• EXERCISE GOAL
What you should end up with is an exact copy of the lines from the one holding "다니엘 웰링턴(DANIEL WELLINGTON)" through the last line of the entries below, both included, and nothing else; leave every picture out.

Recorded data
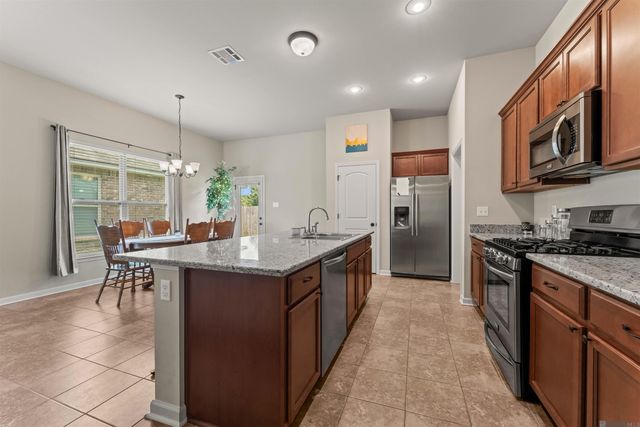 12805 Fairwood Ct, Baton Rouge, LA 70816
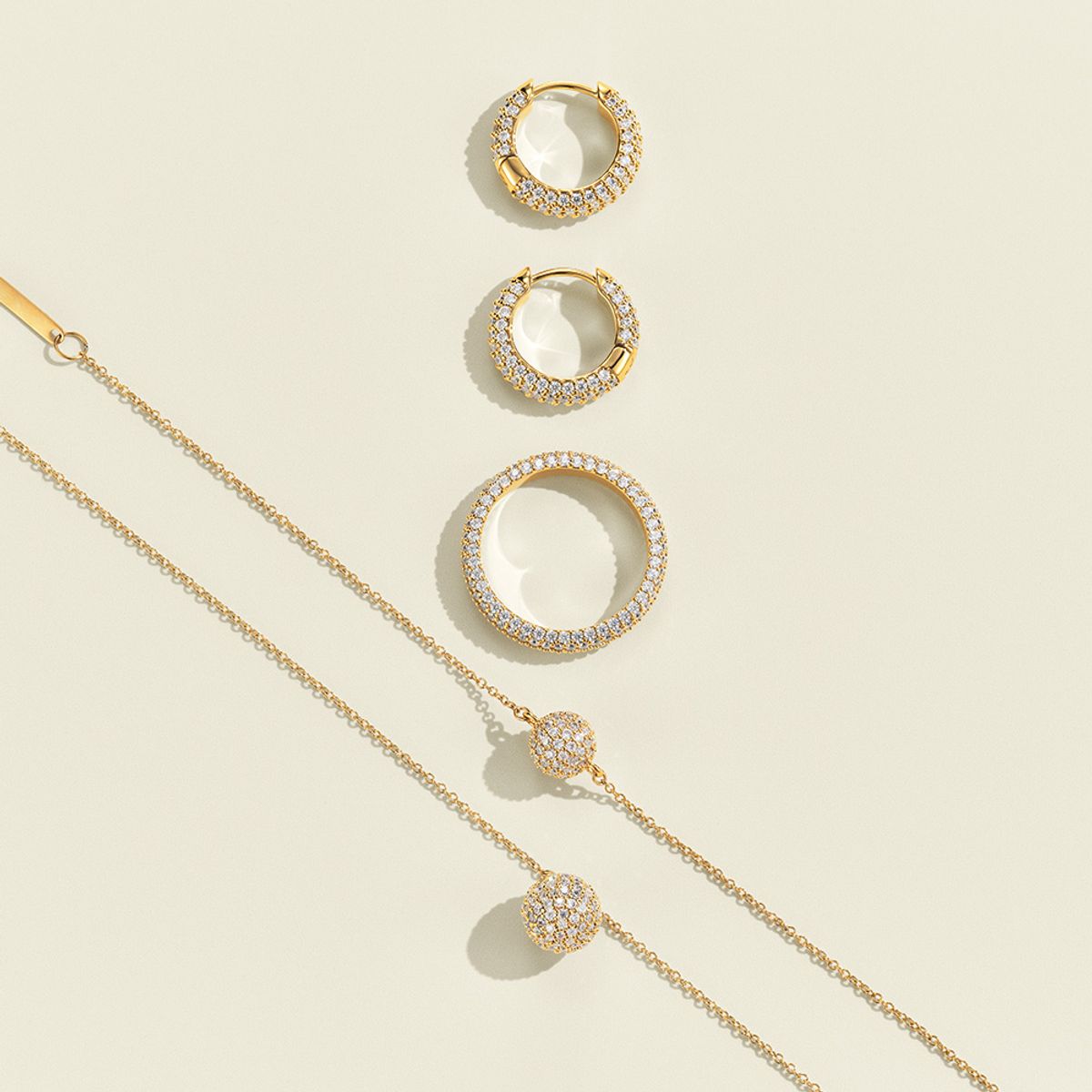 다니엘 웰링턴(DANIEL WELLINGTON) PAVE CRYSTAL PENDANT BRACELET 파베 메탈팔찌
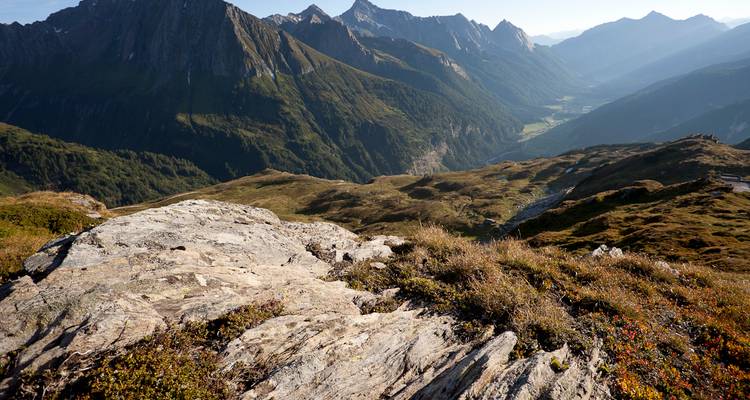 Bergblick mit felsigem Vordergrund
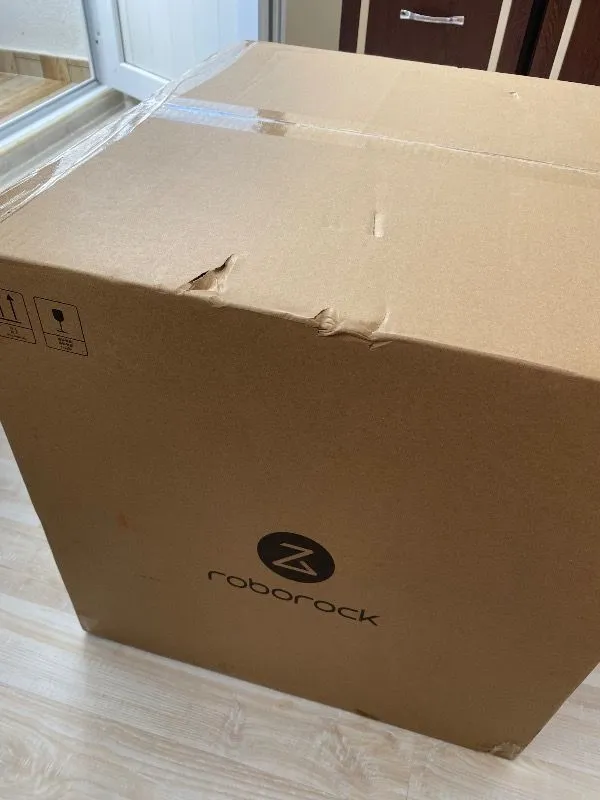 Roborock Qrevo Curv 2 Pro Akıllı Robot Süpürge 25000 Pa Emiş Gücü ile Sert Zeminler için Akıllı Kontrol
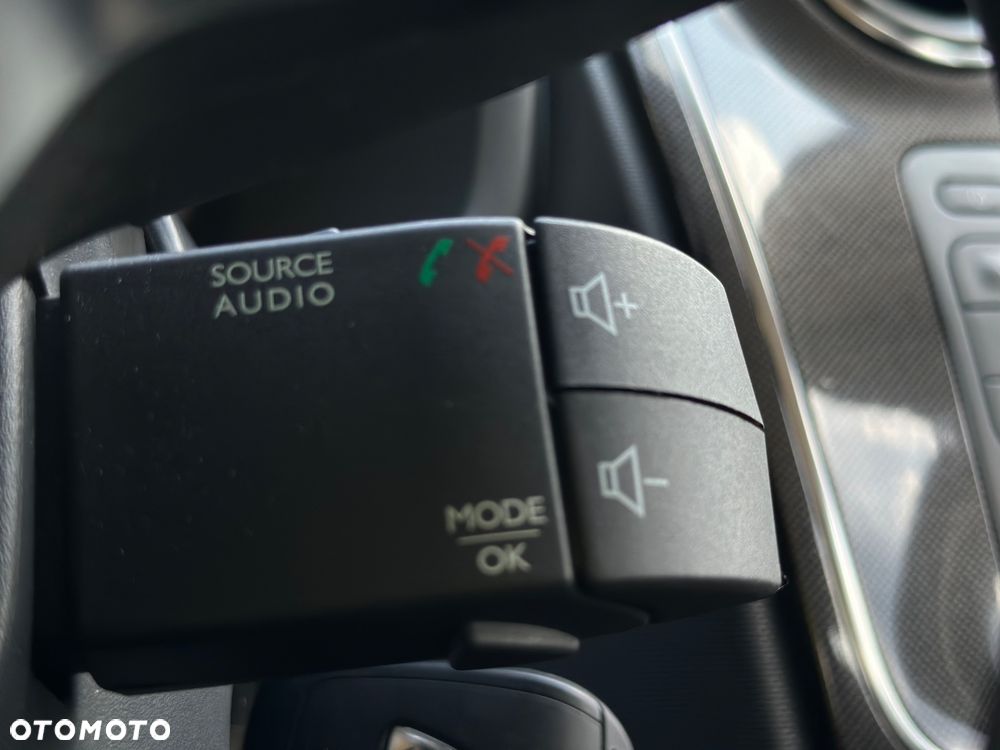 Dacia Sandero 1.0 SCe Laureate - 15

• RESULT BELOW
 다니엘 웰링턴(DANIEL WELLINGTON) PAVE CRYSTAL PENDANT BRACELET 파베 메탈팔찌
 Bergblick mit felsigem Vordergrund
 Roborock Qrevo Curv 2 Pro Akıllı Robot Süpürge 25000 Pa Emiş Gücü ile Sert Zeminler için Akıllı Kontrol
 Dacia Sandero 1.0 SCe Laureate - 15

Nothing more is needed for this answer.